The Government’s appeal before a Division Bench and subsequent Special Leave Petition before the Supreme Court were dismissed and the judgment attained finality in July 2023.
However, instead of implementing the ruling in full, the administration issued an order in September 2023 rescinding the retirement but made consequential benefits subject to departmental proceedings, a condition never imposed by any court. The High Court held that this marked the beginning of prolonged administrative resistance.
When complete compliance was not forthcoming, contempt proceedings were initiated against the Commissioner/ Secretary, General Administration Department. The court noted that only partial compliance had been made as salary arrears were released but key service benefits were withheld. Authorities repeatedly relied upon old vigilance inquiries and FIRs without showing existence of any pending proceedings.
The officer demonstrated before the court that he was never arraigned as an accused in one FIR, another case investigated by the CBI had already been closed as “not proved,” and no departmental inquiry was pending when benefits were denied.
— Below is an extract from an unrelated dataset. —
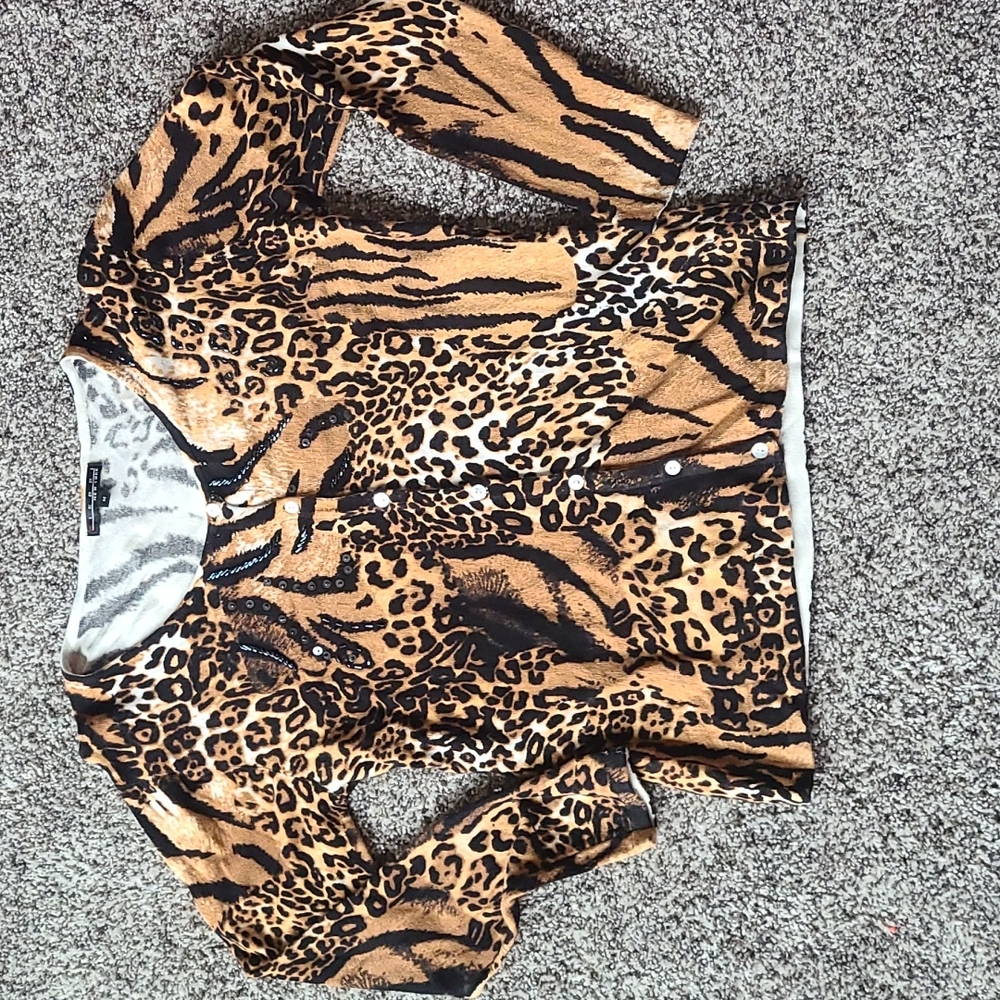 Animal print cardigan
The court concluded that reliance on closed matters appeared to be an attempt to frustrate implementation of the judgment.
During contempt proceedings, the officer submitted that despite reinstatement he was not assigned proper duties and his promotion was not considered in parity with juniors. The Government argued that promotions under the J&K Administrative Service Rules required merit assessment and vigilance clearance.
The High Court, however, found that no legally sustainable inquiry existed and the officer’s case had not been properly placed before the Establishment-cum-Selection Committee. The Committee later declared him “unfit” without recording reasons, benchmark assessment or comparative evaluation, a decision the court described as a bare conclusion unsupported by record.
A major finding of the judgment relates to a departmental inquiry initiated in 2024, nearly two decades after the alleged events and during pendency of contempt proceedings. The court held that liberty granted earlier by the Division Bench to conduct inquiry did not permit launching fresh proceedings to defeat judicial relief. The timing of the inquiry, it observed, suggested a defensive manoeuvre to avoid compliance.
Even that inquiry ultimately collapsed, with charges dropped due to lack of evidence and destruction of records. Yet, the Selection Committee had already declared the officer “unfit” relying on allegations long closed.
The court ruled that such action violated settled principles of service jurisprudence, emphasizing that an employee cannot be perpetually haunted by accusations that never matured into guilt.
Justice Wani observed that judicial victories cannot be converted into a “mirage” through administrative innovation and that consequential benefits are substantive rights, not ornamental words. Once premature retirement is quashed, the law treats it as if it never existed, he said, adding that administrative discretion cannot be used to neutralize judicial mandates.
Holding that the sequence of events created a deeply disquieting inference of coordinated administrative action aimed at defeating the judicial decree, the High Court declared the Selection Committee’s decision declaring the officer “unfit” as arbitrary, unreasoned, legally unsustainable and void ab initio.
The court directed the Government to grant complete consequential benefits, including notional promotions, release of pending grades, correction of seniority, pay fixation, arrears of salary and other service benefits, excluding reliance on quashed or unsubstantiated allegations. The entire exercise has been ordered to be completed within eight weeks from service of the judgment.